On a side note, a be-lated Merry Christmas to all of those who follow the Julian Calendar, as their Christmas was on January 7. I hope it was a joyous day!
The year 2013 marks a new beginning for me. I am starting to turn over a new leaf in my life and I have already made quite a few changes. It may be the first year that I have actually started a resolution worth holding myself to. I also have started to recycle some old traditions from my childhood, a childhood that I appreciate more and more as I get older.
You see, I was fortunate enough during my youth to have parents that were not too strict. I mean this in the sense that, not only did they give me free reign in choosing my extra-curricular activities as a kid, but they also did not bombard me with limitations that I would consider to be overprotective. I noticed growing up that many parents, some who knew better and some who did not, forgot to treat their disabled child as if they were any other kid down the street, at school, or on the basketball court. In my case, and despite the small fear in their hearts, my parents let me run wild and experience the world for what it is-a playground waiting to be explored.
I was not even ten years old before I began to push my chair across the city of Augusta. From jay-walking to riding straight down the hilly city roads, I travelled anywhere I wanted to go in my wheelchair within reason. It may seem difficult, but, in the end, pushing is just like walking. However, the downward slopes were much faster and easier on four wheels than on foot. That much can be promised. Gravity was my friend nearly half of the time. The other half was, of course, a lot more trying on my physical strength.
I say that gravity was often my friend, but there was some work involved. Cruising down a hill sounds easy, but at the same time can be quite dangerous in a wheelchair, unless you learn to use your brakes. And what are your brakes? Well, your brakes are your hands. Wheelchairs do come with brakes, if you ask for them, upon ordering a new chair. Standard hospital chairs and normal medical equipment will most likely come with brakes, as they are required for safety. However, brakes on a wheelchair are not usually meant for slowing down. They keep your chair in place for when you want to transfer out of it onto another seat or into a car, or if you just want to sit still and the floor has a slight lean to it. Using brakes like those on a hill will most likely get someone seriously injured. It will cause you to either stop too fast or not fast enough. In the end, hands are much more reliable. I cannot say that I ever tried to stop with the brakes on my chair, but then again I never had to worry about an alternative. Plus, doing a wheelie is one of the best ways to slow down while descending anything-be it a hill, stairs, or sidewalk granite-and that cannot be achieved successfully, or should I say long enough, without your hands on the wheels at all times.
The only problems I ever had while braking with my hands were either when it was incredibly hot outside or when it was precipitating. When it is too hot, your hands will heat up quickly from the metal of your push-rims and force you to let go periodically, which in turn allows you to gain speed.

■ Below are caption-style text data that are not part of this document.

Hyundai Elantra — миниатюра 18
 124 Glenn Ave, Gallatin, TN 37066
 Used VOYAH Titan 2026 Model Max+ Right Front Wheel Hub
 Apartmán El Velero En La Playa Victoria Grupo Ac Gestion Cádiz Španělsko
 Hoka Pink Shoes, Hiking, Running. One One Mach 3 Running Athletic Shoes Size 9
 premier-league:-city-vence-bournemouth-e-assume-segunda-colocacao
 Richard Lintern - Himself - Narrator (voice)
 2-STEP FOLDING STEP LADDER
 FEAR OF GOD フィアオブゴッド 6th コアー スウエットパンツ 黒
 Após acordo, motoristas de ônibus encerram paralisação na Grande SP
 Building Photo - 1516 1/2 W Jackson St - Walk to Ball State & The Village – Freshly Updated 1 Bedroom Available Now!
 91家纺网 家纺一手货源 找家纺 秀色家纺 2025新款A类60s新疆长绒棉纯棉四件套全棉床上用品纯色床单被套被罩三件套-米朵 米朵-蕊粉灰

As funny as it sounds, you learn to pump your hands against the push-rim, just like pumping the brakes of your car. It works perfectly and your hands stay cool enough to get to the bottom of the hill. When it rains or snows, your push-rims will become obviously very slippery, and you are forced to grip them as tightly as you can. Every now and then, when I had decided to be a bit lazy, I have lost my grip and gone flying onto the asphalt or into nearby puddles. You live; you learn. On a personal note, I would rather burn my hands a little than take a digger into the street any day of the week!
Even though I preferred to stay on all four wheels, or two, if you count a wheelie, I did not mind the anxious feeling I got, when I suddenly would lose control of my chair. It reminded me of what living is all about. I made mistakes and, excuse me for the cliché, but I hit a bump in the road every once in a while. For the sake of humor, I think that sometimes life can become a little boring without moments like these...As you can see, as I said before, I was allowed to act with all of the freedom to make these sorts of mistakes. I was, in my mind, an average kid.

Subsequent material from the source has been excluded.